Introducing Dreamer: Scalable Reinforcement Learning Using World Models

Research into how artificial agents can choose actions to achieve goals is making rapid progress in large part due to the use of reinforcement learning (RL). Model-free approaches to RL, which learn to predict successful actions through trial and error, have enabled DeepMind's DQN to play Atari games and AlphaStar to beat world champions at Starcraft II, but require large amounts of environment interaction, limiting their usefulness for real-world scenarios.

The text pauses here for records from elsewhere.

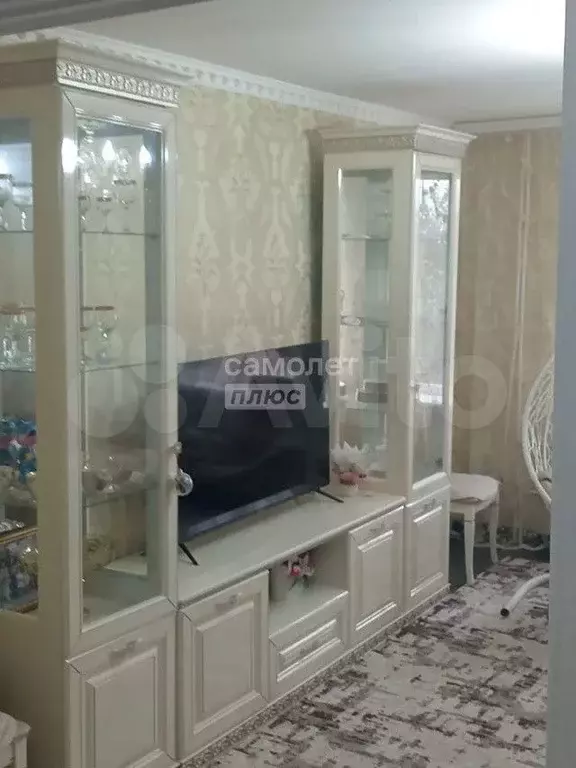 2-к. квартира, 60 м, 2/5 эт. - Фото 0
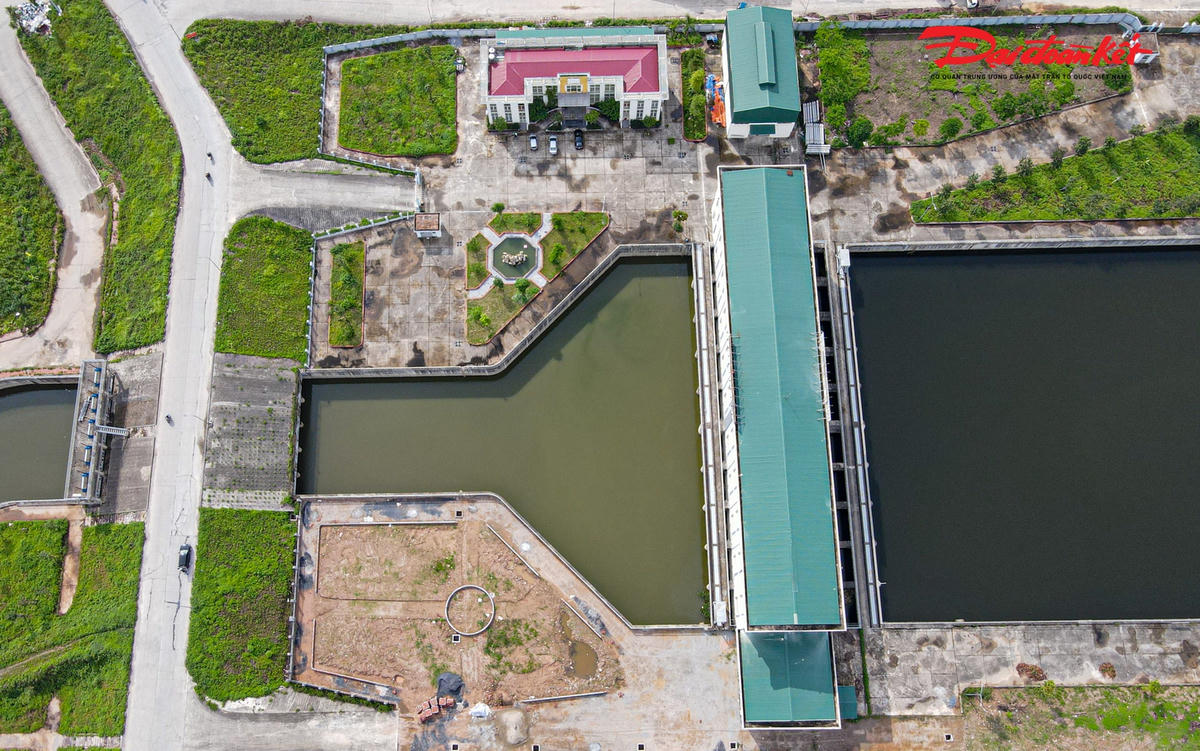 Hiện nay, trạm bơm tiêu Yên Nghĩa đã triển khai thực hiện thi công xong cụm công trình đầu mối gồm các hạng mục nhà trạm, bể hút, bể xả, cống xả qua đê, cống tiêu tự chảy, công trình vớt rác, khu quản lý, thiết bị bơm, điện, vớt rác tự động, hệ thống kênh dẫn, kênh xả, hoàn thành mua sắm, lắp đặt thiết bị.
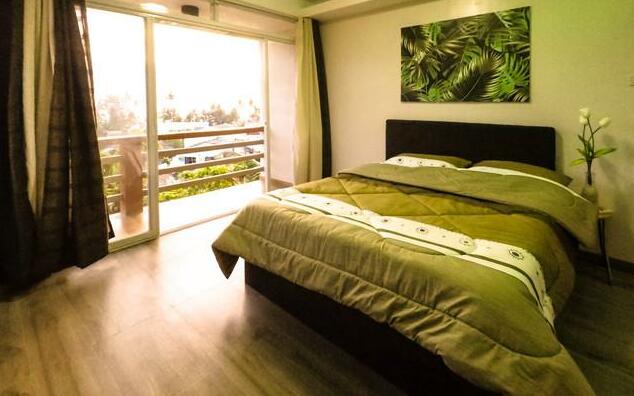 Ocean View Studio w/ Balcony - Station 3 - Photo3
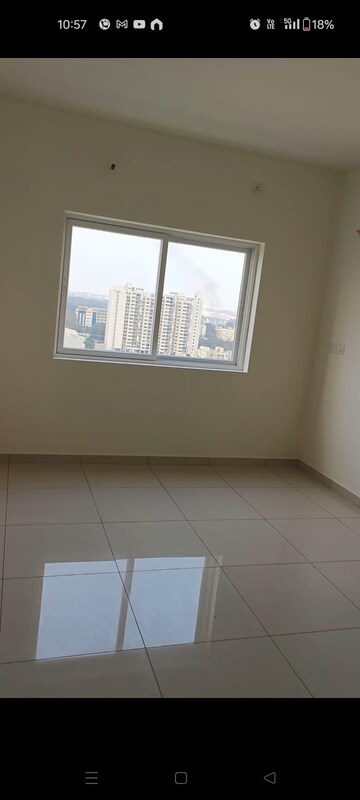 Room in 3 BHK Apartment at Vajram Newtown, Thanisandra Main Road – for Sale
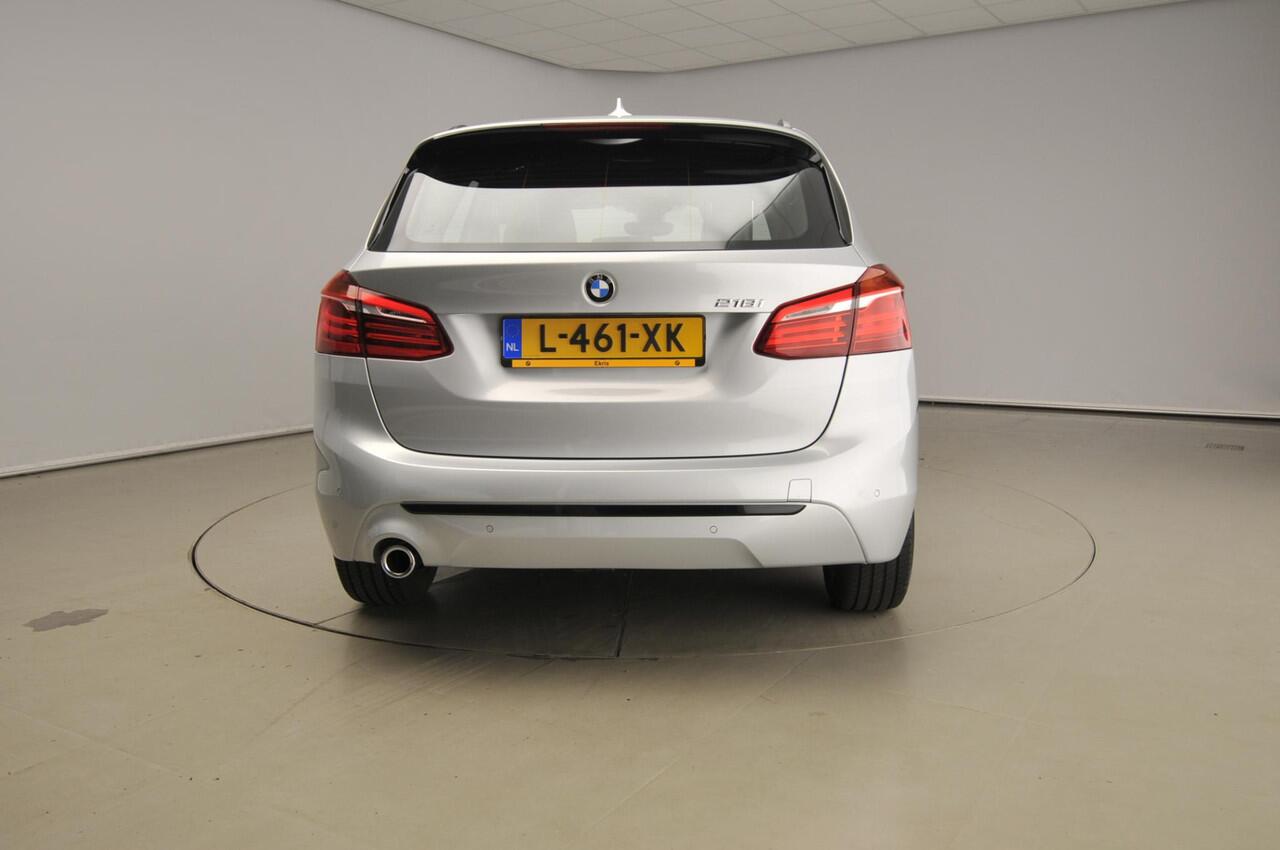 BMW 2-SERIE Active Tourer 218i Automaat Sportline / Trekhaak / PDC / Climate / Cruise / LED / Head-up / Sportstoelen / Alu wielen 17 inch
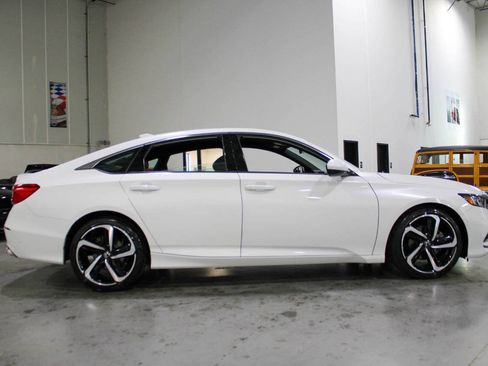 Used 2020 Honda Accord Sport image 7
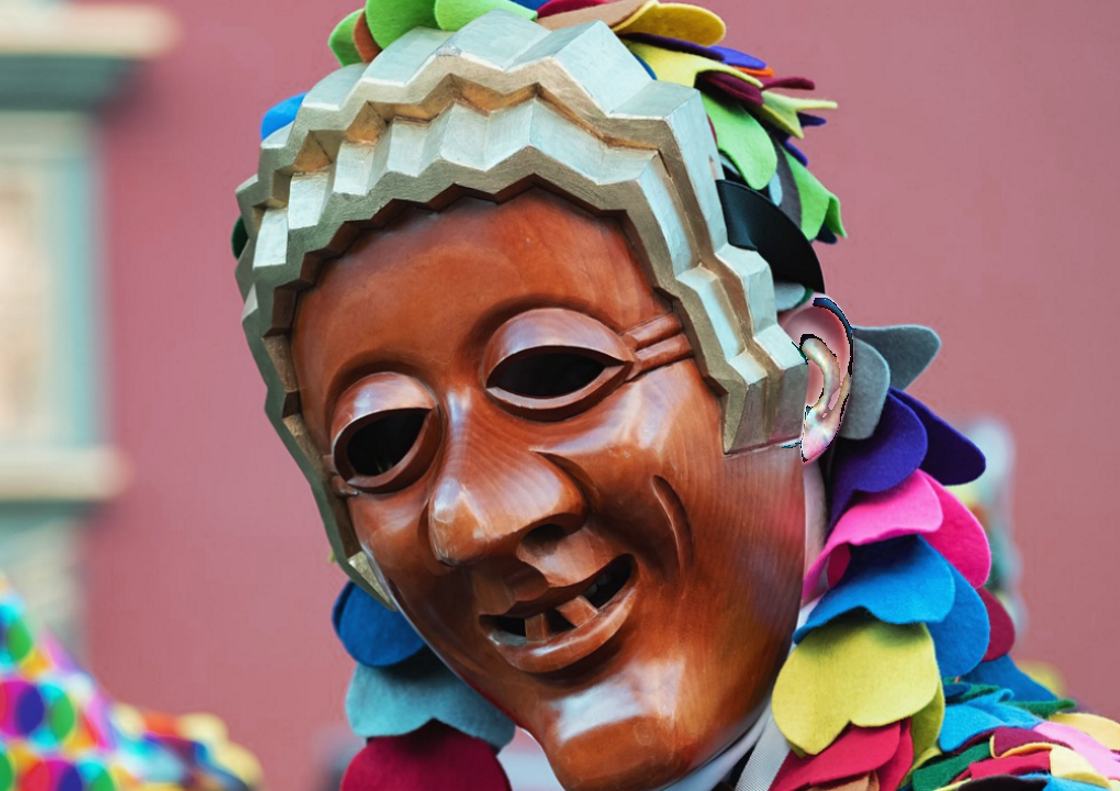 Под маской не тот человек, о котором идёт речь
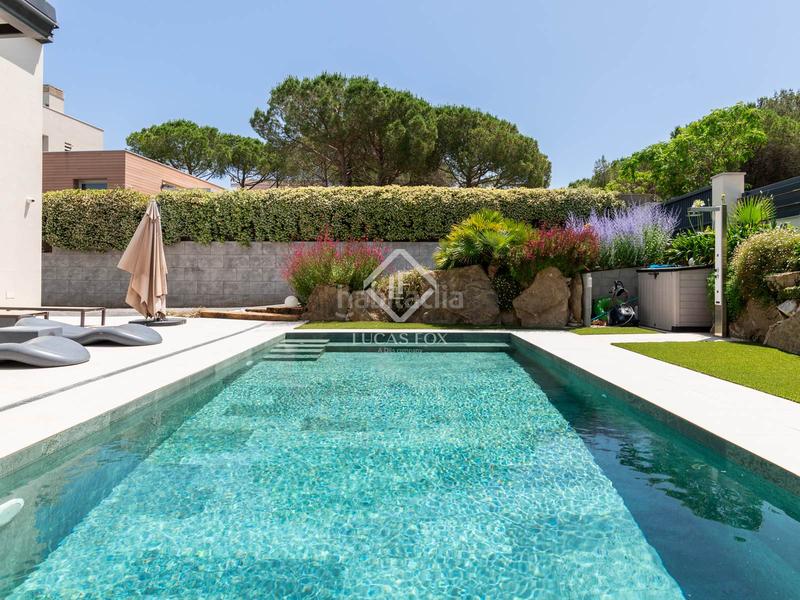 Foto 10eee5f7-08b9-4377-9eb2-3be8fa7c9d9f. Chalet casa en excelentes condiciones de 8 dormitorios en venta en Begues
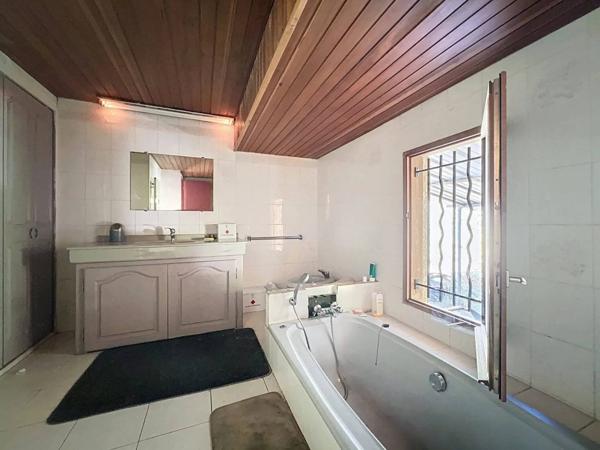 MAISON avec TERRAIN A DETACHER CONSTRUCTIBLE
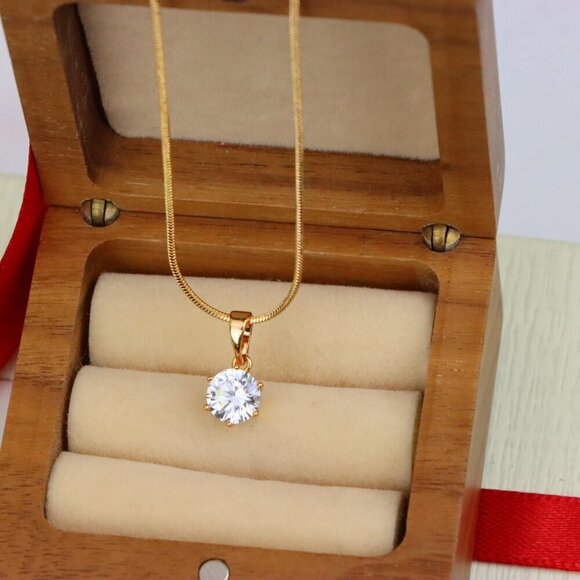 "Sparkling White Solitaire Pendant in Gold – Radiant Charm, XPPT1640 - Picture 8 of 13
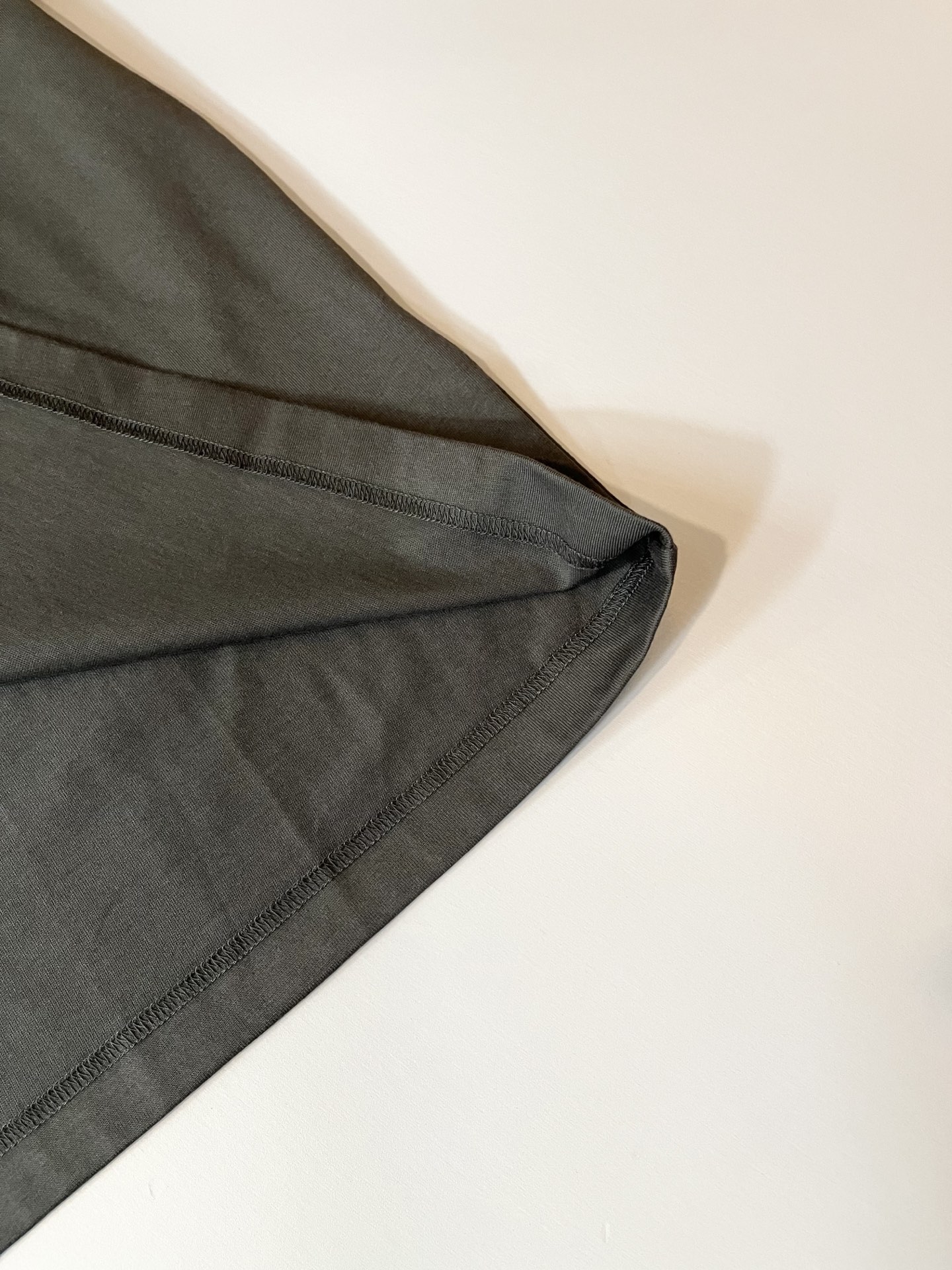 FEN*I 芬*迪2026春夏新款FD家族FF男女同款👫短袖T恤，男女同款👫百搭极简短袖。意大利原厂订单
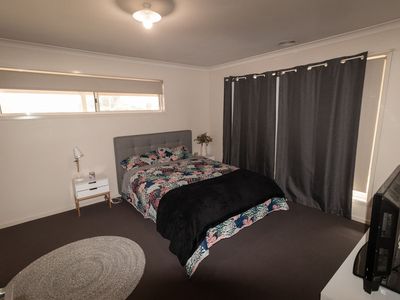 1 VICTORIA CROSS PARADE, Wodonga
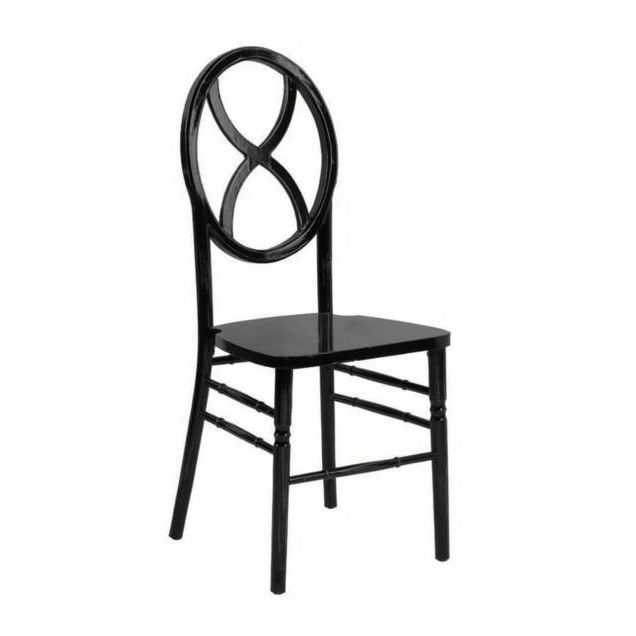 Pas de chaises de banquet pliées en bois massif empilées pour les meubles d'hôtel
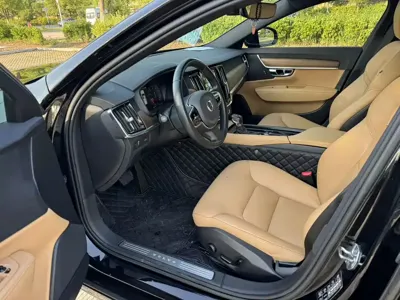 Volvo S90 2019, 60000 км, за 109900 CNY - фото 9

In contrast, model-based RL approaches additionally learn a simplified model of the environment. This world model lets the agent predict the outcomes of potential action sequences, allowing it to play through hypothetical scenarios to make informed decisions in new situations, thus reducing the trial and error necessary to achieve goals. In the past, it has been challenging to learn accurate world models and leverage them to learn successful behaviors. While recent research, such as our Deep Planning Network (PlaNet), has pushed these boundaries by learning accurate world models from images, model-based approaches have still been held back by ineffective or computationally expensive planning mechanisms, limiting their ability to solve difficult tasks.

Today, in collaboration with DeepMind, we present Dreamer, an RL agent that learns a world model from images and uses it to learn long-sighted behaviors. Dreamer leverages its world model to efficiently learn behaviors via backpropagation through model predictions. By learning to compute compact model states from raw images, the agent is able to efficiently learn from thousands of predicted sequences in parallel using just one GPU. Dreamer achieves a new state-of-the-art in performance, data efficiency and computation time on a benchmark of 20 continuous control tasks given raw image inputs. To stimulate further advancement of RL, we are releasing the source code to the research community.

How Does Dreamer Work?
Dreamer consists of three processes that are typical for model-based methods: learning the world model, learning behaviors from predictions made by the world model, and executing its learned behaviors in the environment to collect new experience. To learn behaviors, Dreamer uses a value network to take into account rewards beyond the planning horizon and an actor network to efficiently compute actions. The three processes, which can be executed in parallel, are repeated until the agent has achieved its goals:
The three processes of the Dreamer agent. The world model is learned from past experience. From predictions of this model, the agent then learns a value network to predict future rewards and an actor network to select actions. The actor network is used to interact with the environment.
Learning the World Model
Dreamer leverages the PlaNet world model, which predicts outcomes based on a sequence of compact model states that are computed from the input images, instead of directly predicting from one image to the next. It automatically learns to produce model states that represent concepts helpful for predicting future outcomes, such as object types, positions of objects, and the interaction of the objects with their surroundings. Given a sequence of images, actions, and rewards from the agent's dataset of past experience, Dreamer learns the world model as shown:
Dreamer learns a world model from experience. Using past images (o1–o3) and actions (a1–a2), it computes a sequence of compact model states (green circles) from which it reconstructs the images (ô1–ô3) and predicts the rewards (r̂1–r̂3).
An advantage to using the PlaNet world model is that predicting ahead using compact model states instead of images greatly improves the computational efficiency. This enables the model to predict thousands of sequences in parallel on a single GPU. The approach can also facilitate generalization, leading to accurate long-term video predictions. To gain insights into how the model works, we can visualize the predicted sequences by decoding the compact model states back into images, as shown below for a task of the DeepMind Control Suite and for a task of the DeepMind Lab environment:
Predicting ahead using compact model states enables long-term predictions in complex environments. Shown here are two sequences that the agent has not encountered before. Given five input images, the model reconstructs them and predicts the future images up to time step 50.
Efficient Behavior Learning
Previously developed model-based agents typically select actions either by planning through many model predictions or by using the world model in place of a simulator to reuse existing model-free techniques. Both designs are computationally demanding and do not fully leverage the learned world model. Moreover, even powerful world models are limited in how far ahead they can accurately predict, rendering many previous model-based agents shortsighted. Dreamer overcomes these limitations by learning a value network and an actor network via backpropagation through predictions of its world model.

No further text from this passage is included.